■ Work item ■
Please set out each line below exactly as it stands, without the images.

■ Dataset extract ■
Content starts
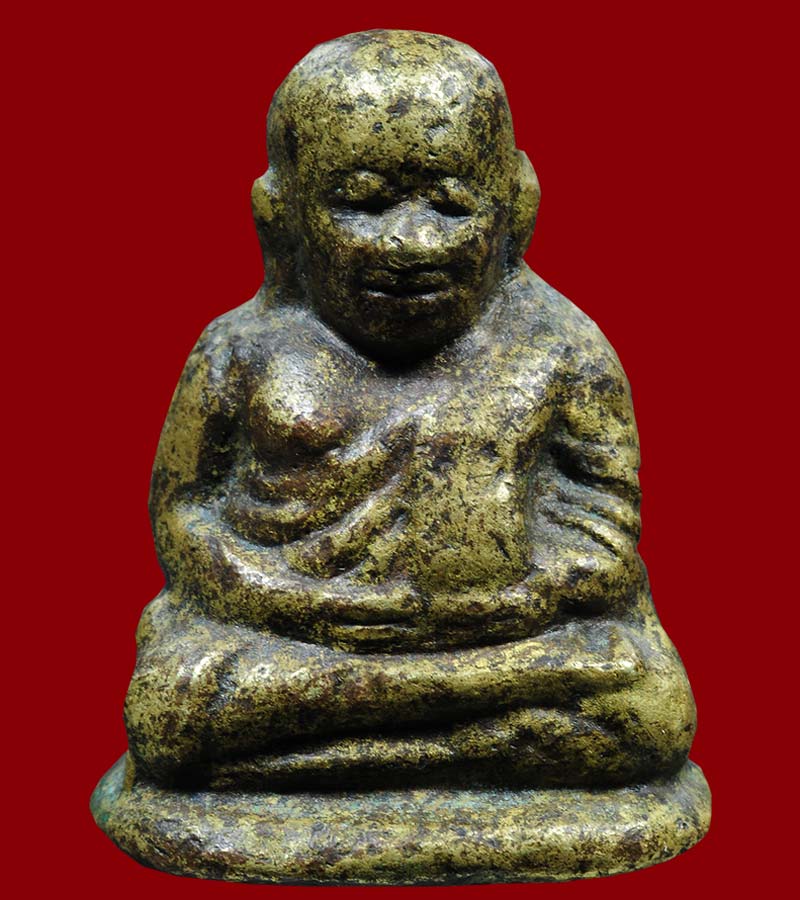 หลวงพ่อเงิน วัดบางคลาน จังหวัด พิจิตร รุ่นปืนแตก พิมพ์นิยม เศ ียรโต ปี ๒๕๒๘ (๑)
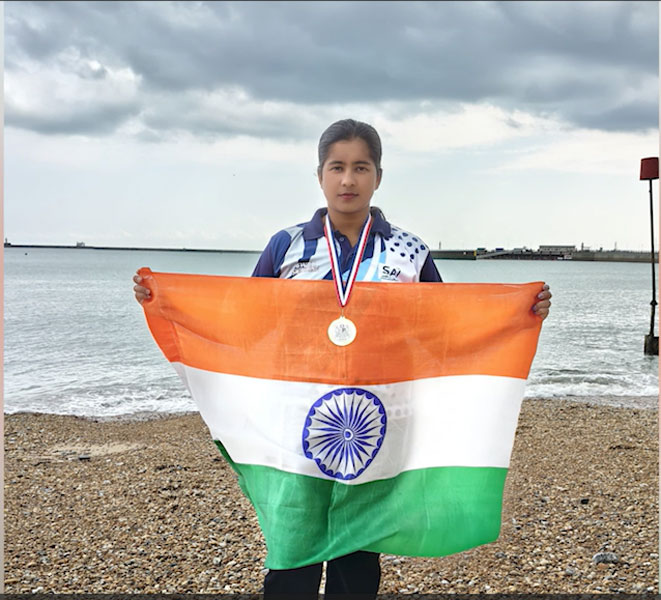 आफरीन जबीं ने इंग्लिश चैनल तैरकर पार कर किया इतिहास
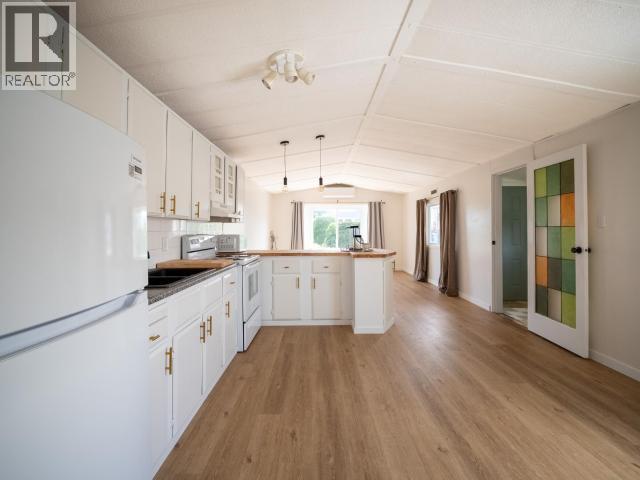 68-7624 DUNCAN STREET, Powell River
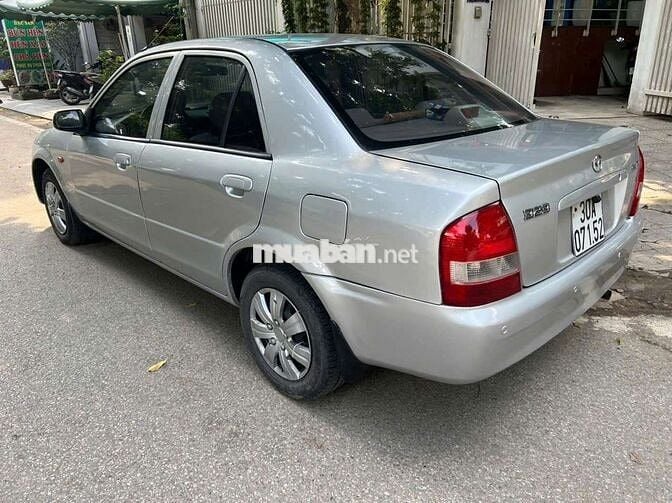 Xe Mazda 323 1 chủ đi cực giữ gìn ạ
Content ends
■ Solution below ■
 หลวงพ่อเงิน วัดบางคลาน จังหวัด พิจิตร รุ่นปืนแตก พิมพ์นิยม เศ ียรโต ปี ๒๕๒๘ (๑)
 आफरीन जबीं ने इंग्लिश चैनल तैरकर पार कर किया इतिहास
 68-7624 DUNCAN STREET, Powell River
 Xe Mazda 323 1 chủ đi cực giữ gìn ạ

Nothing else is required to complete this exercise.